The move was the latest in a series of steps designed to eliminate vestiges of Saddam's regime from postwar Iraq. Like the others, it was essentially administrative; the Iraqi armed forces were vanquished by the U.S. military during the war.

"The Coalition Provisional Authority plans to create, in the near future, a New Iraqi Corps. This is the first step in forming a national self-defense capability for a free Iraq," said the statement released by L. Paul Bremer, the administration's top official.

"Under civilian control, that corps will be professional, nonpolitical, militarily effective, and representative of all Iraqis," it said.

The statement did not elaborate on when the new defense force would be set up. But in the past, U.S. officials have indicated it would include members of the army, navy and air force who were not compromised by their association to the banned Baath Party and who were not involved in criminal acts.

Under the new orders, the Ministry of Defense, the Republican Guard and "other specified security institutions which constituted and supported the most repressive activities of Saddam Hussein's regime," also have been disbanded.

"This is not fair," said Col. Ra'ed Nouri Yacoub, a longtime radar technician in the Iraqi Air Force. "We do not know our future now, and we do not know any other work. We have served our country as soldiers for many years, and suddenly we are thrown out in the street."

He added: "Most of the army officers have nothing to do with Saddam, but now everybody is punished."

The Republican Guard, founded in 1980, was a force tens of thousands strong that had a separate command structure from the rest of the army. It had the best equipment, the best training and the best pay. This was meant to ensure the elite corps would remain loyal and defend Saddam in an emergency. Its commanders were closely watched by intelligence agents who reported to Saddam's son Qusai.

In contrast, Iraq's regular army was seen as demoralized and poorly equipped in recent years. It was battered by the 1980-88 Iran-Iraq war, the first Gulf War and more than a decade of U.N. trade sanctions imposed because of the 1990 invasion of Kuwait.

Friday's order also ended conscription, turned the property of the dissolved entities over to the new administration and dismissed all employees of the armed forces, Republican Guard and the Defense Ministry.

It also abolished the Information Ministry, which tightly controlled Iraq's media and the work of foreign journalists.

For more than a decade, that wing of the regime forced all foreign news organizations to operate from the government-run press center inside the ministry building.
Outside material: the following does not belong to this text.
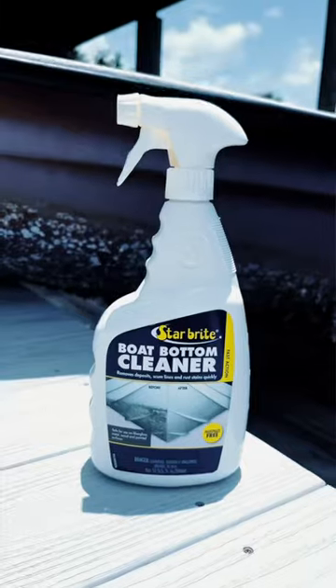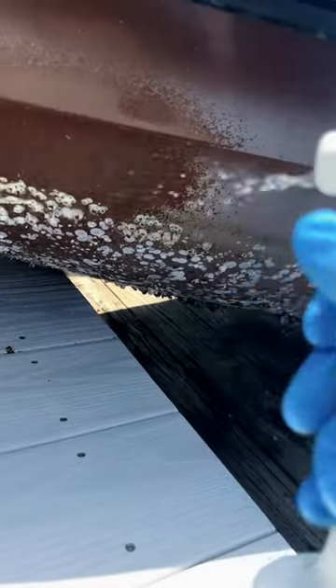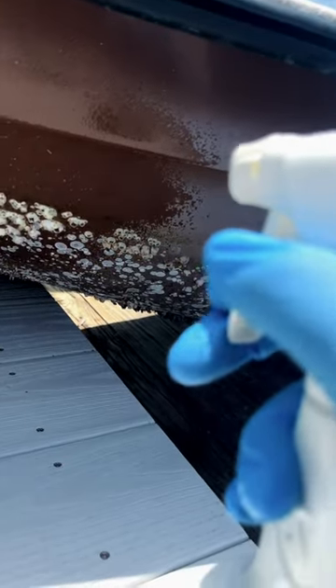We're gonna try this boat bottom cleaner by Starbrite. I got gloves on. It's supposed to remove all these barnacles, scum lines, and rust stains pretty quickly.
Minders accompanied reporters to all interviews except those conducted inside foreign embassies and U.N. offices, and journalists who wrote stories perceived to be unsympathetic to Saddam's regime were frequently reprimanded and sometimes expelled or banned.

Bremer's announcement follows the administration's May 16 decree _ issued by commanding U.S. Gen. Tommy Franks _ abolishing Saddam's Baath Party and a subsequent Bremer decree that ordered the dismissal of party officials from the civil service.

Military personnel who did not fall under the anti-Baath order will receive severance pay of one month's salary, the statement said.

It said officers with the rank of colonel or above will receive no benefits because they "will be presumed to be in the barred classes, unless they prove otherwise."

"These actions are part of a robust campaign to show the Iraqi people that the Saddam regime is gone, and will never return," the statement said.

Before the latest war, the Iraqi military was believed to have more than 300,000 men. Most of them melted away during the coalition offensive, and only a few thousand were captured as prisoners of war.

Former noncommissioned officers and officers from the three services demonstrated on Sunday in Baghdad, demanding back pay and other benefits owed to them since the collapse of Saddam's regime on April 9.

They also said nonpolitical personnel should be considered for jobs in the new armed forces.